What we want to study is the joint distribution $P_{MX}(M=m,X=x)$:

$$P_{MX}(M=H,X=H) = P_X(X=H)P_M(M=H|X=H)=0.5*0.8 = 0.4 = P_{MX}(M=T,X=T)$$

By symmetry, $$P_{MX}(M=H,X=T) = P_{MX}(M=T,X=H)=0.1$$

Therefore, the distribution of $(M,X)$ is given by:

$$P_{MX}(m,x) = 0.4 \mathbb{I}_{m=x} + 0.1\mathbb{I}_{m \neq x}$$

Note that the marginal probability $P_X(X=x) =P_{MX}(H,x) + P_{MX}(T,x) = 0.4+0.1=0.5$ as expected.

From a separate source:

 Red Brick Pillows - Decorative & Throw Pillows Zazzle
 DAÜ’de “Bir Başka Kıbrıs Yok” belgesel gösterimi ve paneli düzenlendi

Also, $P_M(M=x) =P_{MX}(x,H) + P_{MX}(x,T) = 0.4+0.1=0.5$

So what is $P(X=H|M=H)$?:

$$P_{X|M}(X=H|M=H)=\frac{P_{XM}(X=H,M=H)}{P_M(H)} = \frac{0.4}{0.5} = 0.8 = P_{X|M}(X=T|M=T)$$

Again, not super surprising.

So you are much better off listening to the machine.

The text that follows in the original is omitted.